ROAD TO 光の素足

第3話 昨日、初の全体申し合わせ



昨日、家元宅で、初めて全体申し合わせ(リハーサル)を行いました。

能は通常、普段の公演でも、公演の数日前に軽く一回出演者全員が集まっての「申し合わせ」と我々が呼んでいる通しリハーサルを行います。

(因みに、この通しリハーサルが無い公演も、能では結構あります。つまりは、ぶっつけ本番です!)

しかし、さすがに、新作能ではそういう訳にはいかず、昨年の夏から、家元宅に度々集合して、この新作能光の素足の作品作りは行ってきました。


能の根幹である謡(うたい:能の声楽)は、家元金春安明先生により、金春流版の節付けを、作者の中所さんの作られた通りに付けて頂きました。

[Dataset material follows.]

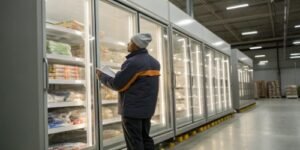 How Do You Choose Between Counting and Scanning for Frozen Goods Dispatch?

そして、それを実際に謡って頂く金春流一門の能楽師の皆さんに、家元や中所さんを交えて、実際に、やってみながら、ああだこうだと作り上げていったわけです。


実際の舞台での舞や演出は、中所さんからはどうぞ自由にやって下さい、と言って頂き、中所さんが今までやっておられたことも参考にしながら、自分で色々考えながら、肉付けしていきました。

この辺りは、やはり他のジャンルと沢山のコラボの経験と、そして、この40年の能楽師舞台生活のキャリアと、能のシテを140番以上も勤めさせて頂いてきた貴重な経験を総動員して、考えてきました。


それが、ひとつ、昨日は初めて形になった訳です。

地謡は、有名な『雨ニモマケズ』の全文が後半の盛り上がりに出てくるのですが、言葉は大変に有名ですが、お囃子の『地拍子』という能の音楽のリズムで謡うことが大変で、でも、お囃子とスイングして、素晴らしい地謡になりつつあります!

私としては、新作能ですから、極論を言ったら何をやっても許されます。しかし、能とは何なのか??こういう、当たり前のことに行き着きます。

そして、私は、『光の素足』を演じる訳ですが、宮沢賢治その人と向き合うことになります。

そのことが、ずっと、私の頭のなかから離れませんでした、、、


師匠に教えて頂いてきた金春流伝来の型を駆使して。そして、それ以外にも、作品と向き合って、自分の中に湧き出るものを、型にしていく、という作業と、同時並行でした。


そして、ひとつの形となった、金春流版の新作能 光の素足。


これは、いける!!そんな、手応えを感じました。